Installation

Installation information for the different components of MultiScanner is provided below. To get an idea of how the system works without going through the full process of setting up the distributed architecture, refer to the section on Standalone Docker Installation.

The Docker standalone system is less scalable, robust, and feature-rich, but it enables easy stand up the web UI, the REST API, and an Elasticsearch node, allowing users to quickly see how the system works. The standalone container is intended as an introduction to the system and its capabilities, but is not designed for operational use.

System Requirements

Python 3.6 is recommended. Compatibility with Python 2.7+ and 3.4+ is supported but not thoroughly maintained and tested. Please submit an issue or a pull request fixing any issues found with other versions of Python.

An installer script is included in the project (install.sh), which installs the prerequisites on most systems.

Currently, MultiScanner is deployed with Ansible, and we’re working to support distributed architecture deployment via Docker.

Installing Ansible

The installer script should install the required Python packages for users of RedHat- or Debian-based Linux distributions. Users of other distributions should refer to requirements.txt.

MultiScanner requires a configuration file to run. After cloning the repository, generate the MultiScanner default configuration by running python multiscanner.py init. The command can be used to rewrite the configuration file to its default state or, if new modules have been written, to add their configuration details to the configuration file.

Installing Analytic Machines

Default modules have the option of being run locally or via SSH. The development team runs MultiScanner on a Linux host and hosts the majority of analytical tools on a separate Windows machine. The SSH server used in this environment is freeSSHd.
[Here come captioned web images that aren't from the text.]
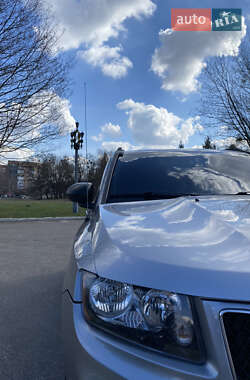 Внедорожник / Кроссовер Jeep Compass 2016 в Сарнах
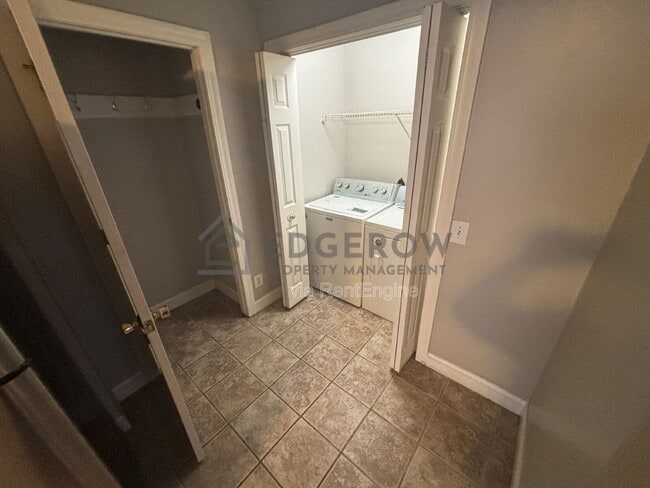 Building Photo - 1520 Quarry Ave NW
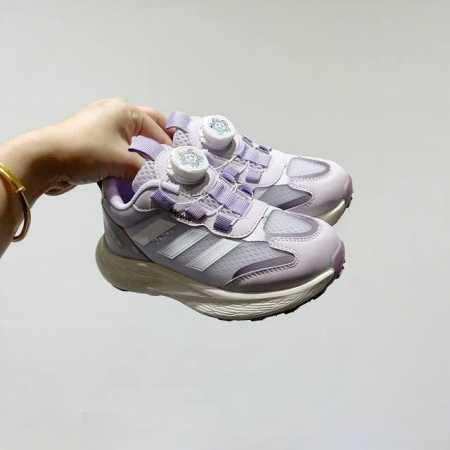 阿迪旋转钮扣单网儿童运动鞋 Size：26-37码 经典三条纹锁扣 老爹款式设计，百搭又时髦 优质面料拼接，质感满满 耐磨防滑轮胎底，脚感超赞 旋转扣设计，方便 - 点击图像关闭
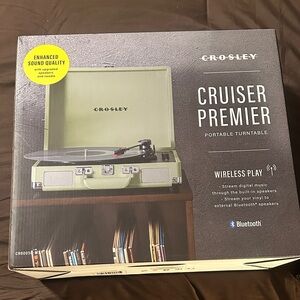Crosley cruiser premier record player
A network share accessible to both the MultiScanner and the analytic machines is required for the multi-machine setup. Once configured, the network share path must be identified in the configuration file, config.ini. To do this, set the copyfilesto option under [main] to be the mount point on the system running MultiScanner. Modules can have a replacement path option, which is the network share mount point on the analytic machine.

Installing Elasticsearch

Starting with Elasticsearch 2.x, field names can no longer contain ‘.’ (dot) characters. Thus, the MultiScanner elasticsearch_storage module adds a pipeline called “dedot” with a processor to replace dots in field names with underscores.

Add the following to the elasticsearch.yml configuration file for the dedot processor to work:

script.painless.regex.enabled: true

To use the Multiscanner web UI, also add the following:

http.cors.enabled: true
http.cors.allow-origin: "<yourOrigin>"

Module Configuration

Modules are intended to be quickly written and incorporated into the framework. Note that:

  • A finished module must be placed in the modules folder before it can be used.
  • The configuration file does not need to be manually updated.
  • Modules are configured within the configuration file, config.ini.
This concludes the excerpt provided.